Simply put, mappings define how fields are interpreted by Elasticsearch.  Elasticsearch is powerful because you can send data to it, and it will make very intelligent guesses as to what each field’s mapping should be.  We refer to this as “schema-less” indexing, which is a terrific option if you’re just getting started with Elasticsearch.  It’s also great in cases where you are continuously sending new data and you do not know what fields will be in it. As mentioned, however, there are great benefits in knowing what data is going to Elasticsearch, and “mapping,” or telling Elasticsearch exactly how that data should be treated.  For example, if I send an IP address (like 8.8.8.8, which is one of Google’s DNS servers), it will appear as a string field in the JSON sent to Elasticsearch:

{ “ip” : “8.8.8.8” }


Even though the IP address is an IP to you and me, Elasticsearch will think of it as a string.  For it to be more, you have to tell Elasticsearch how to treat the value, and the way to do that is with a mapping. If an IP is mapped as type ip in Elasticsearch, you can do a query, and filter by an IP range—you can even use CIDR notation—to include only IPs within a given subnet.


While there is a lot of documentation about mappings themselves—and some pointers will be provided here—the primary goal of this post is to show you a relatively easy way to get Elasticsearch to create a mapping for you, and then take that and make a mapping template out of it.

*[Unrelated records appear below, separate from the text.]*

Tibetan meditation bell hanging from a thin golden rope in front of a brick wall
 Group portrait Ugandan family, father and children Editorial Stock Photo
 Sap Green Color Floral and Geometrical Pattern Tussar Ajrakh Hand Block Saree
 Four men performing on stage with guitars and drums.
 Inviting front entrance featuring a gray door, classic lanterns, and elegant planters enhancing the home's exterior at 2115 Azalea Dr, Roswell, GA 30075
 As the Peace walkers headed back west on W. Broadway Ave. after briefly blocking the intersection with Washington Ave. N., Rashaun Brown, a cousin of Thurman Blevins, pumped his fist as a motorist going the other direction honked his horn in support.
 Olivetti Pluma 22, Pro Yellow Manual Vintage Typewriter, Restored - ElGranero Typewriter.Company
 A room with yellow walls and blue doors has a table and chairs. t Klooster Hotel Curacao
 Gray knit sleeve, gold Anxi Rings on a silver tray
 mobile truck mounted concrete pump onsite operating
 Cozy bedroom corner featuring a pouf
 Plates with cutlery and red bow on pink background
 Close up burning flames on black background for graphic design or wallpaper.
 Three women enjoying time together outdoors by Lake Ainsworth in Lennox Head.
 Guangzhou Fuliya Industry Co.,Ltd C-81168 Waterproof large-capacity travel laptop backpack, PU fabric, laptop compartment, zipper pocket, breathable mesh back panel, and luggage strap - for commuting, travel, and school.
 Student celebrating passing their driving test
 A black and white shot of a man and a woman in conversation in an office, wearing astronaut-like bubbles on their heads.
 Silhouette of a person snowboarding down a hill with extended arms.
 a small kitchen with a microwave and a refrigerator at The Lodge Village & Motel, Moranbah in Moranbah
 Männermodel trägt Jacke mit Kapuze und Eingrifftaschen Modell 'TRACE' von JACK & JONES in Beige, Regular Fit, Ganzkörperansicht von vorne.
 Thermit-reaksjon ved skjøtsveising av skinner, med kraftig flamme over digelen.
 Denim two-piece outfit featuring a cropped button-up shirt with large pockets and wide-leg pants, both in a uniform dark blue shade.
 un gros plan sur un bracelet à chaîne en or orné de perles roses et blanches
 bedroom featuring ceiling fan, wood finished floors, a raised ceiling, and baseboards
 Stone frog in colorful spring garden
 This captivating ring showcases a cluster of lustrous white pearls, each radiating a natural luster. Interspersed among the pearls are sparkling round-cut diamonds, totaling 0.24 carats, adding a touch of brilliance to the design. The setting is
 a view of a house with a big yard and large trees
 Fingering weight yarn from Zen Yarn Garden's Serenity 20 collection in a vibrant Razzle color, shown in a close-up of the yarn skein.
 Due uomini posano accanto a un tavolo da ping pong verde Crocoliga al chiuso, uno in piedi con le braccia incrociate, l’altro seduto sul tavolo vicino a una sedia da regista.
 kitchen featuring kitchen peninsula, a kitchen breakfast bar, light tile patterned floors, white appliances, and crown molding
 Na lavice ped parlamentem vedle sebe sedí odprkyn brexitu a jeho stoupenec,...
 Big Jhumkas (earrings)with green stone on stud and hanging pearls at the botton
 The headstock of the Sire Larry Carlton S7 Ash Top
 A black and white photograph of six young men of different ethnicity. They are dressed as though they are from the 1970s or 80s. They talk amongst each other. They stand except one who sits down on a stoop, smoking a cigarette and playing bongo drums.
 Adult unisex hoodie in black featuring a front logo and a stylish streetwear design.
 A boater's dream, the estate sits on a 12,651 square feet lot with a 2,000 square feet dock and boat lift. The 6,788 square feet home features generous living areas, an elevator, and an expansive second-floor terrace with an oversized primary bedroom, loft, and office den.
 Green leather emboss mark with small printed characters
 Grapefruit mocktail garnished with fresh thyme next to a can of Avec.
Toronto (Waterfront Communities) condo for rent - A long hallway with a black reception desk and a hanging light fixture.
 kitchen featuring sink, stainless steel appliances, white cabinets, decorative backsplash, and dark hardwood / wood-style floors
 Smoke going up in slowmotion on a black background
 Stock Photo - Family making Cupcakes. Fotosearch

NOTE: For the purposes of this exercise, we will be using versions 5.3.0 of Logstash and Elasticsearch.  If you are using an older version of Elasticsearch, particularly a 2.x version, your mapping will probably look very different from this one.

Get Logstash to send sample data to Elasticsearch


Let’s try an example with apache access log data.

input { stdin {} }
filter {  
  grok {
    match => { "message" => "%{COMBINEDAPACHELOG}" }
    remove_field => "message"
  }
  date {
    match => [ "timestamp", "dd/MMM/YYYY:HH:mm:ss Z" ]
    locale => en
    remove_field => ["timestamp"]
  }
  geoip {
    source => "clientip"
  }
  useragent {
    source => "agent"
    target => "useragent"
  }
}
output {
  elasticsearch {
    hosts => [ "127.0.0.1" ]
    index => "my_index"
    document_type => "mytype"
  }
}


With a setup like this, you are sending apache output data to a specifically named index.  This index will only be temporary, so name it uniquely enough that it won’t be too similar to any other index name.  The best part is, I can do this on my laptop.  I don’t need to run this on a production node, or even a staging one.  I can spin up a local instance of Elasticsearch and Logstash and get the results I need that way.


Let’s send a few lines now:

head -50 /path/to/apache/access_log | /usr/share/logstash/bin/logstash -f above_sample.conf


And the output in the Elasticsearch node will look something like this:

[2017-03-29T13:48:42,794][INFO ][o.e.c.m.MetaDataCreateIndexService] [iXsjSQY] [my_index] creating index, cause [auto(bulk api)], templates [], shards [5]/[1], mappings []

Get and edit the mapping


Now that we have an index, let’s see what our mapping looks like:

curl -XGET http://127.0.0.1:9200/my_index/_mapping?pretty > my_mapping.json


Now if you edit my_mapping.json in your favorite text editor (something that won’t reformat the file, like a word processor), you’ll see something like this:

{
  "my_index" : {
    "mappings" : {
      "mytype" : {
        "properties" : {


...followed by a few hundred other lines of content.  Let’s look at what we have here:


Of course, my_index is the index name we specified, and mappings indicates that the following defines the mappings for the index. mytype is the document_type we specified in the elasticsearch output plugin, and properties is where all of the fields will be defined.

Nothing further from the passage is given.